Abel Tiffauges tient son journal et raconte ses obsessions. Il y raconte d’abord comment la femme de sa vie, Rachel, l’a quitté. Puis son enfance au pensionnat Saint-Christophe, une institution sévère marquée par la figure écrasante du saint porteur d’enfant qui lui donne son nom. Il y est le souffre-douleur de ses camarades jusqu’au jour où Nestor, le fils du concierge qui jouit d’un prestige et d’une aura incroyable sur les autres élèves, le prend sous son aile. Fasciné par les petits garçons, il aurait pu aller en prison si la Seconde Guerre Mondiale n’avait pas éclaté, le rendant très vite prisonnier de guerre. De colombophile passionné qui sillonne l’Alsace à la recherche des meilleurs pigeons voyageurs, il est employé dans le domaine de chasse de Goering, un dirigeant nazi, pour qui il devient le recruteur attitré d’enfants pour le compte des jeunesses hitlériennes.

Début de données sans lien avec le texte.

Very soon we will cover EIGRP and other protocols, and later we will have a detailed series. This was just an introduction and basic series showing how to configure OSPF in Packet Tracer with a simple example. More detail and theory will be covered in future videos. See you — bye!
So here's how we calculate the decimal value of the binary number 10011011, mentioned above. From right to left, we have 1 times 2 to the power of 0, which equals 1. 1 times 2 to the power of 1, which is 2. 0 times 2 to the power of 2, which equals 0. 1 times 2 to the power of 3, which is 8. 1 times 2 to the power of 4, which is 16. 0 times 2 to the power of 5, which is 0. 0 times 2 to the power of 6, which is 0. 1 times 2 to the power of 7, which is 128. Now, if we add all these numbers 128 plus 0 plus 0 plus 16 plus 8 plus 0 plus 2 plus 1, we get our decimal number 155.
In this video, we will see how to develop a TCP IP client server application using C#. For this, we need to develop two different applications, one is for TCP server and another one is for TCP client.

Ce livre est souvent considéré comme un chef d’oeuvre absolu et je comprends pourquoi. Sa richesse, sa complexité, son personnage fascinant prouvent qu’il mérite son prix Goncourt. Abel Tiffauges n’est en effet pas un personnage auquel on s’attache. Ses obsessions pour des sujets bien dérangeants, au premier plan pour les petits garçons et leurs cheveux si doux qu’il ira jusqu’à les collecter, en font un personnage d’ogre bien campé, que vient couronner sa carrière de recruteur pour les jeunesses hitlérienne: si on lui confie son enfant, on ne le revoit jamais. Mais de cette image de prédateur, il fait un personnage au croisement des légendes nordiques (le Roi des Aulnes en fait partie) et du voyageur biblique (Saint Christophe est celui qui a porté l’enfant Christ).

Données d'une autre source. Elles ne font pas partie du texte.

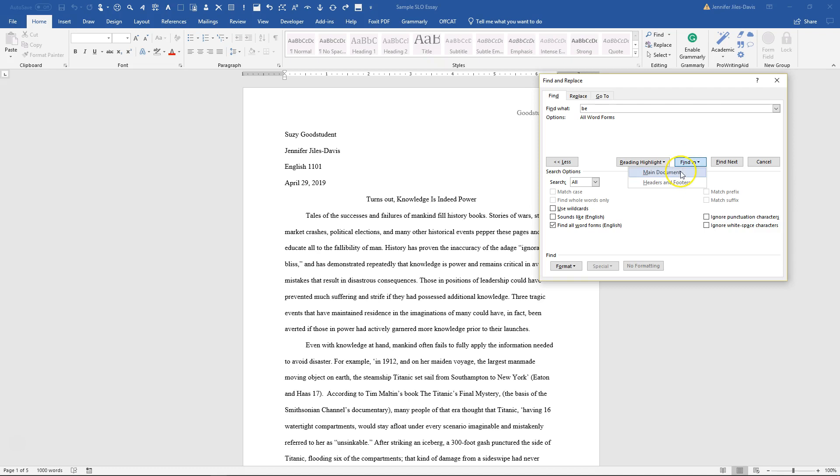Click Find in Main Document, and of course you know that any B verbs located in a quotation do not count toward your linking verb count, so you can deselect those.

Il pourrait être un énième roman sur la seconde guerre mondiale. Mais on nous en offre un panorama tout à fait inédit. J’ai beaucoup aimé le passage sur les pigeons voyageurs, tantôt compagnons précieux en période de guerre, tantôt nourriture en période de restrictions. L’évocation des enfants recrutés par les nazis est aussi poignante, tant l’image de l’ogre semble pertinente, comme si se réactivait à la faveur de l’histoire les peurs enfantines les plus primaires.
Néanmoins, j’ai eu du mal à avancer dans cette lecture. Le début surtout m’a donné du fil à retordre, avec ce journal un peu décousu dont j’avais du mal à voir le but, avec ces longues digressions et commentaires qui me perdaient, avec ces longues références bibliques qui me mettaient mal à l’aise. Ce roman avait parfois un côté hermétique, presque un peu élitiste, qui m’a parfois rebutée, comme si je n’avais pas toutes les clés pour y entrer correctement.
La note de Mélu:
Fière d’être arrivée au bout, malgré une lecture éprouvante!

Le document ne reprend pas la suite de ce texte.